By Alexandra Lapkin, Jewish Advocate staff
Dolgin played center for Bridgewater State.Only three years ago, when Max Dolgin, who is now 25, went on a Birthright trip to Israel, joining a basketball team there seemed nothing but a “pipe dream,” he said. “I thought it would be great to play in Israel, but it didn’t seem too realistic.”
Dolgin proved himself wrong as he prepares to sign a contract to play basketball for Maccabi Ra’anana, a professional team based in Ra’anana, a city about 15 miles north of Tel Aviv. He made aliyah when he went to Israel for tryouts this summer and is getting ready to move there as soon as arrangements are made.
Dolgin has been playing basketball for as long as he can remember. He honed his skills at Randolph High School and at Bridgewater State University. After he graduated, he started work as a financial analyst for a consulting company in Boston. Basketball no longer took center stage, but he continued to play whenever and wherever he could, including at the YMCA branches in Cambridge and Chinatown, the Equinox sports club downtown, and a community basketball league in Roxbury.

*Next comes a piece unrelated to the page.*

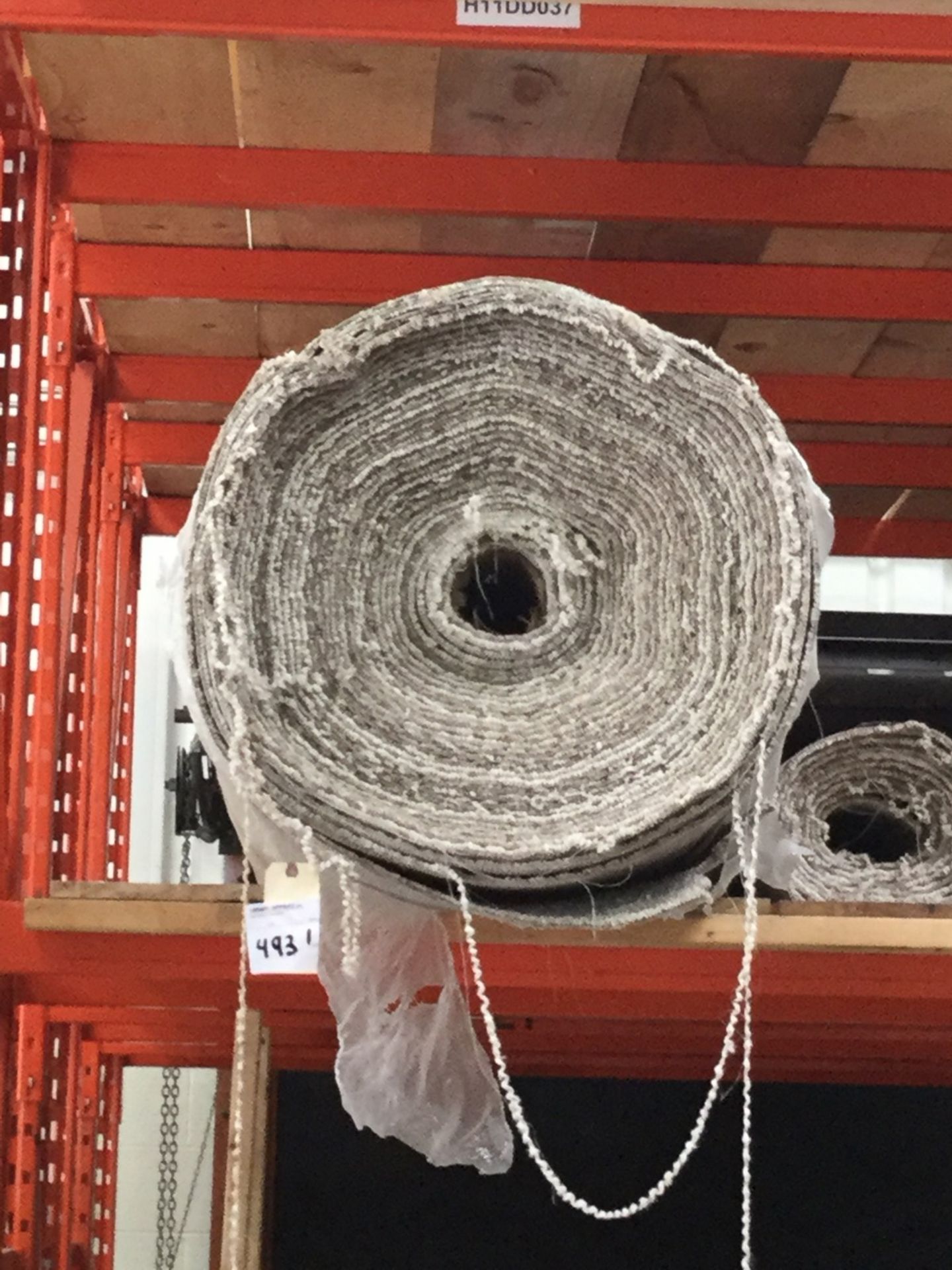 1 X LARGE ROLL OF CARPET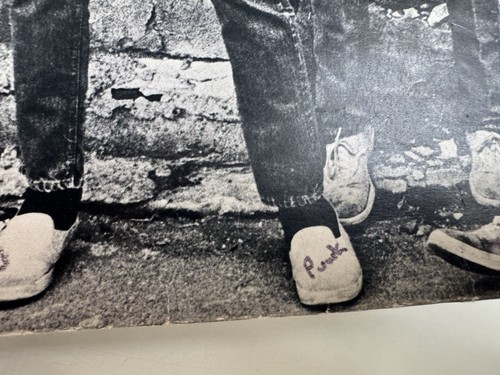 "The Ramones" – Debut LP (1976 UK 1st Pressing) | Worn Sleeve with Punk Graffiti - Picture 13 of 24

At the Equinox, he made a few friends who had previously played for Israeli basketball teams. They introduced Dolgin to their agents and got him involved in several recruiting events. At one such event in Las Vegas, Dolgin placed 13th out of 100 players and gained exposure to scouts and coaches. “It was a networking game from there,” he said.
Dolgin met an Israeli agent, who helped him apply for aliyah. He explained that having Israeli citizenship makes it easier to join a team. Each team makes spaces available for American players (who are often considered the best), and so making a team as an Israeli leaves those slots open for American players.
In Israel, basketball is played similarly to the American college system. There are three divisions, with the first division being the best. Depending on performance, teams can move up and down the divisions. A national team gets assembled with the finest players who then play against European teams during the Euro Cup. Maccabi Tel Aviv is usually the top team in Israel.
Ra’anana, which has a large population of American and European Jews, “is a great place for me to start,” Dolgin said. “There is a great ulpan program [Hebrew classes], which I plan on taking.” His team will pay for his apartment and possibly a shared car, and provide a salary.
Dolgin signed his contract for one season, which is about nine months. If he has a season-ending injury, Dolgin will still get paid for the rest of the season. He is not yet sure what his plans are after the season ends. “I will feel out the first year and see how it goes,” Dolgin said. If his contract is extended for another season, “It’s something I will consider doing.”
“While I’m there, I’ll try to make the most of my time, not just playing basketball,” he continued. In addition to Hebrew classes, Dolgin will study for a Chartered Financial Analyst (CFA) exam, as he eventually plans to return to the United States and resume his work. “Basketball as a living isn’t realistic for me right now and my finance career takes priority over that,” Dolgin said. “I just think it’s a great opportunity, still being young and in shape. I figured I’d give it a shot and make a great experience out of it.”